As the preparations were made, the restive Rohillahs became positively threatening. ‘Expedition on my part became every moment more urgent,’ wrote Harlan. Each man was paid his wages a month in advance, and while the money was being doled out Harlan summoned Gul Khan and delivered a very public speech, emphasising that the Rohillah was now guardian of his possessions: ‘You have all my camp equipage, my trunks and baggage to acquire your attention, and in this position you must be vigilant.’ What Gul Khan did not know was that the contents of the trunks were almost worthless. ‘All the valuables of my establishment I had secretly packed away in ordinary loads which were ready to be placed on the camels, trusting nothing to the Rohillahs but the camp equipage and trunks of books.’ Henceforth Harlan would carry only what was absolutely necessary for his campaign, most importantly a fortune in silver and gold coinage stuffed into two pairs of large leather hampers. He finished by telling Gul Khan he would send further instructions when he reached Peshawar. The old rascal did not disguise his disappointment and distrust, but this was nothing compared to the frustration he would suffer when he duly ransacked Harlan’s baggage, to find it contained nothing but worthless books and bedding.

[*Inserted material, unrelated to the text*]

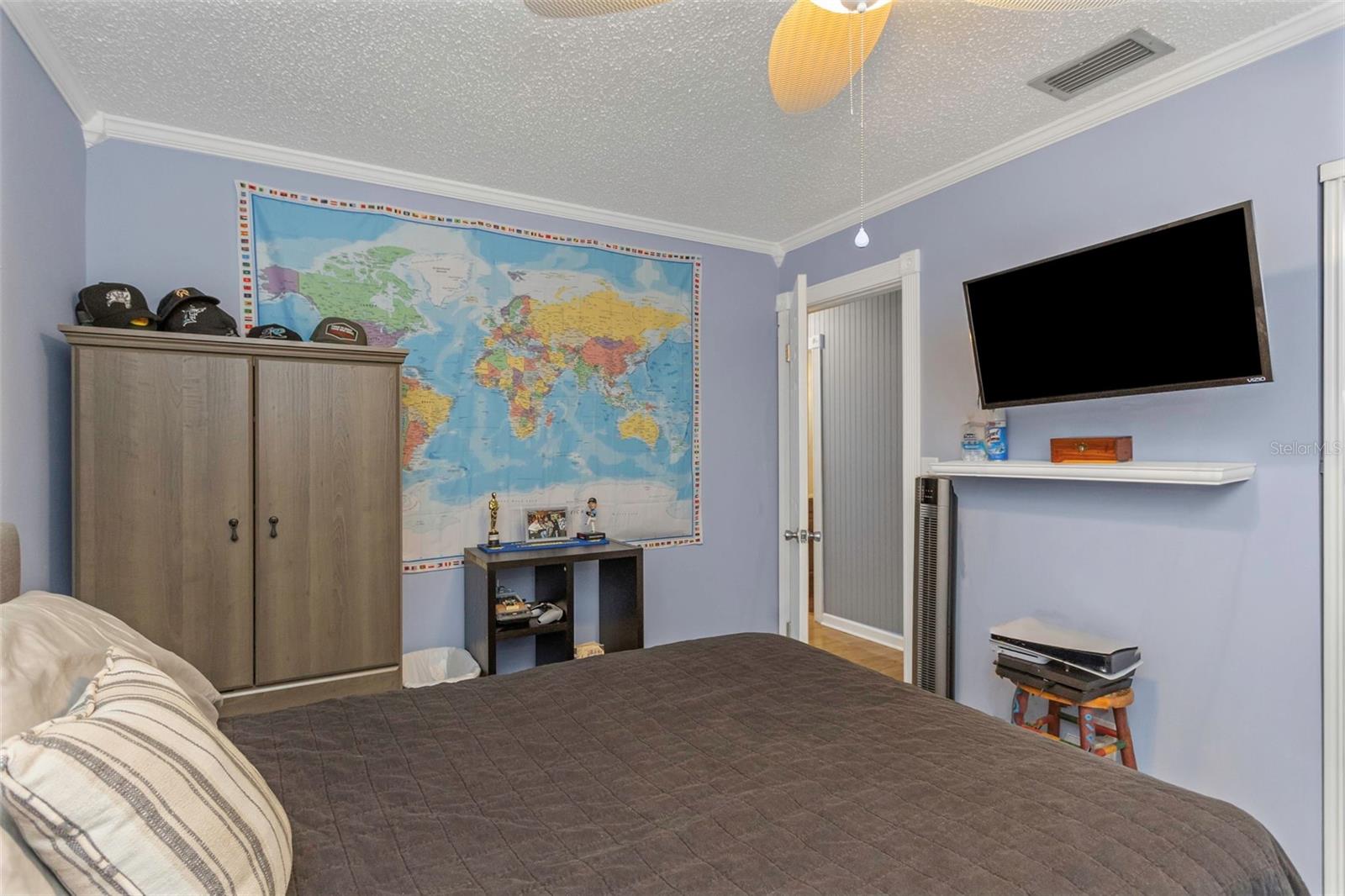 INDIAN ROCKS VILLAGE 3RD ADD - Residential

Fearing Gul Khan might try to prevent him leaving, Harlan ordered his men to prepare to march at dawn the next day. That night in his tent he climbed into his disguise, consisting of a long flowing robe and a large white turban: ‘I was now to personate the character of a Saheb Zader, returning home from a pilgrimage to Mecca,’ he wrote. ‘A Saheb Zader is a holy man to whom is ascribed supernatural powers and revered as instructive in religion.’ Dressing as a Muslim divine, or dervish, was a typical Harlan gamble, and an extraordinarily risky one. Any stranger ran the risk of being attacked, and it was marginally safer to be recognised as a foreign infidel than mistaken for a local one. Masson, for example, once ‘encountered a man, who drew his sword, and was about to sacrifice me as an infidel Sikh. I had barely the time to apprise him that I was a Feringhi, when he instantly sheathed his weapon and, placing his arm around my waist in a friendly mode, conducted me to a village near at hand, where I was hospitably entertained.’